Signed-off-by: niranda perera <niranda.perera@gmail.com>

coderabbitai

Actionable comments posted: 2

🤖 Prompt for all review comments with AI agents

Verify each finding against the current code and only fix it if needed.

Inline comments:
In `@cpp/include/rmm/mr/fixed_size_memory_resource.hpp`:
- Around line 91-204: Update the class-level doc for multiple_blocks_allocation
to reference the actual factory make_async (replace the stale
allocate_blocks_async mention) and add a brief thread-safety/lifetime note
clarifying that multiple_blocks_allocation is non-copyable/non-movable, holds a
refcounted fixed_size_memory_resource (mr_) so the pool outlives the handle, and
that allocation/deallocation are stream-ordered on the cuda_stream_view passed
to make_async (including that destructor records the deallocation on that
stream). Ensure references to symbols multiple_blocks_allocation, make_async,
mr_, and the destructor are included so the API contract matches the
implementation.

In `@cpp/src/mr/fixed_size_memory_resource.cpp`:
- Around line 51-57: The destructor
multiple_blocks_allocation::~multiple_blocks_allocation currently calls
mr_->deallocate_blocks_async_unsafe(...) which can surface CUDA errors from a
destructor; make the cleanup no-throw by wrapping the deallocation call in the
project's no-throw CUDA error macro/utility (e.g., RMM_CUDA_TRY_NOEXCEPT) or an
equivalent try/catch that logs errors without throwing. Ensure you still check
blocks_.empty(), acquire the mutex via std::lock_guard as before, and move
blocks_ into the deallocation call, but perform that call inside the no-throw
wrapper so any CUDA error is swallowed/logged rather than allowed to propagate
out of the destructor.

🪄 Autofix (Beta)

Fix all unresolved CodeRabbit comments on this PR:

Push a commit to this branch (recommended)
Create a new PR with the fixes

ℹ️ Review info

⚙️ Run configuration

Configuration used: Path: .coderabbit.yaml

Review profile: CHILL

Plan: Enterprise

Run ID: 4e775602-9c2b-4234-8235-8629762e0fa4

📥 Commits

Reviewing files that changed from the base of the PR and between 2ebec2b and 0e68a53.

📒 Files selected for processing (3)

cpp/include/rmm/mr/fixed_size_memory_resource.hpp
cpp/src/mr/fixed_size_memory_resource.cpp
cpp/tests/mr/fixed_size_mr_test.cpp

bdice · 2026-04-28T05:05:27Z

+   *        before the failure are returned to the pool on `stream` (same ordering as normal
+   *        deallocation).
+   */
+  [[nodiscard]] static std::unique_ptr<multiple_blocks_allocation> make_async(


Why do we need a factory instead of a normal constructor?

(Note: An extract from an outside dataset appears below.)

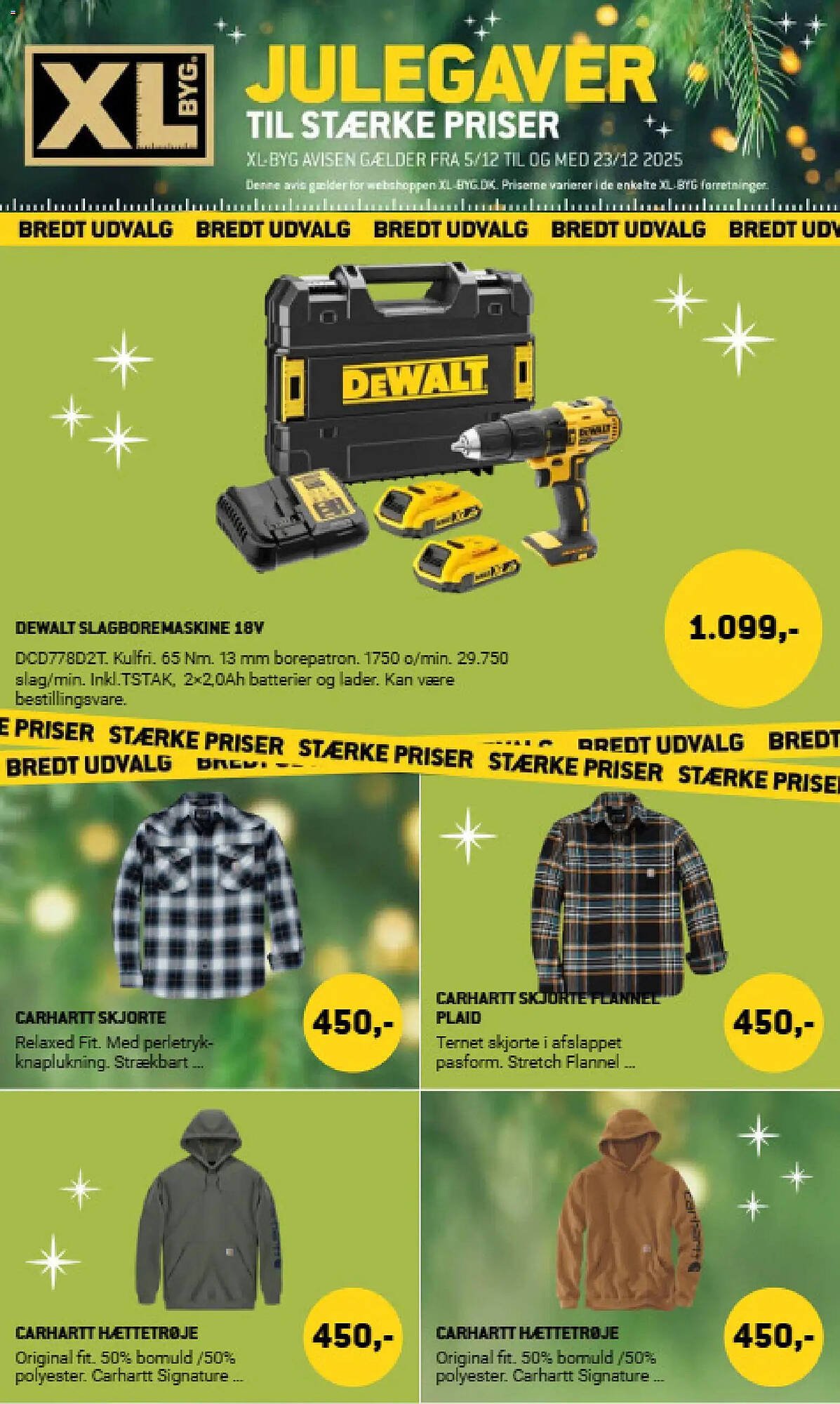 XL-BYG tilbudsavis (2025-12-05 - 2025-12-23)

This was previously inside the fixed sized mr class. Then I thought a factory method was the best. When I pulled it out, I left it as is. I felt its more idiomatic. We can throw and verify args (I should remove the RMM_EXPECTS statements in the ctr) cleanly. But I am fine either way. WDYT @bdice ?

bdice · 2026-04-28T05:15:17Z

+   *        deallocation).
+   */
+  [[nodiscard]] static std::unique_ptr<multiple_blocks_allocation> make_async(
+    fixed_size_memory_resource mr, std::size_t size, cuda_stream_view stream);


All new APIs should accept cuda::stream_ref rather than rmm::cuda_stream_view. I am planning to deprecate rmm::cuda_stream_view at some point. Until then the two types are implicitly convertible and thus interchangeable.

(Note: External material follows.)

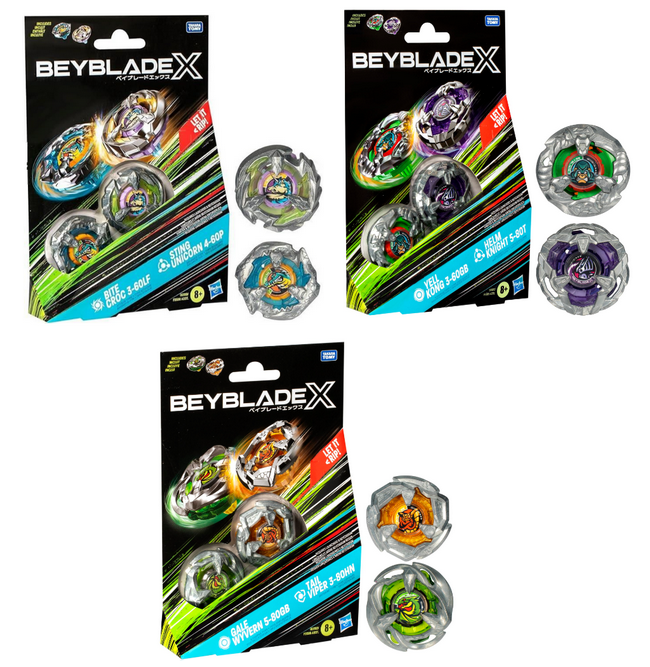 Beyblade BBX Dual pack asst. F9586EU41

Signed-off-by: niranda perera <niranda.perera@gmail.com>

coderabbitai

♻️ Duplicate comments (2)

cpp/src/mr/fixed_size_memory_resource.cpp (2)

108-121: ⚠️ Potential issue | 🟠 Major

Keep handle construction inside the rollback scope.

If new multiple_blocks_allocation(...) throws, control skips the current catch and the acquired blocks never get returned to the pool. The rollback needs to cover object construction as well, not just get_block().

🛠️ Proposed fix

   std::vector<std::byte*> blocks;
   blocks.reserve(num_blocks);
   try {
     for (std::size_t i = 0; i < num_blocks; ++i) {
       blocks.push_back(
         static_cast<std::byte*>(self.get_block(self.get_block_size(), stream_event).pointer()));
     }
-  } catch (...) {
-    RMM_CUDA_TRY(self.deallocate_blocks_async_unsafe(std::move(blocks), stream));
-    throw;
-  }
-
-  return std::unique_ptr<multiple_blocks_allocation>(
-    new multiple_blocks_allocation(size, std::move(blocks), stream, std::move(mr)));
+    return std::unique_ptr<multiple_blocks_allocation>(
+      new multiple_blocks_allocation(size, std::move(blocks), stream, std::move(mr)));
+  } catch (...) {
+    RMM_CUDA_TRY(self.deallocate_blocks_async_unsafe(std::move(blocks), stream));
+    throw;
+  }

#!/bin/bash
# Verify that the handle construction still sits outside the rollback scope.
sed -n '103,122p' cpp/src/mr/fixed_size_memory_resource.cpp

Based on learnings: "Detect and fix GPU memory leaks: ensure all device allocations (cudaMalloc, cudaMallocManaged, cudaHostAlloc) are properly deallocated, including error paths."

🤖 Prompt for AI Agents

Verify each finding against the current code and only fix it if needed.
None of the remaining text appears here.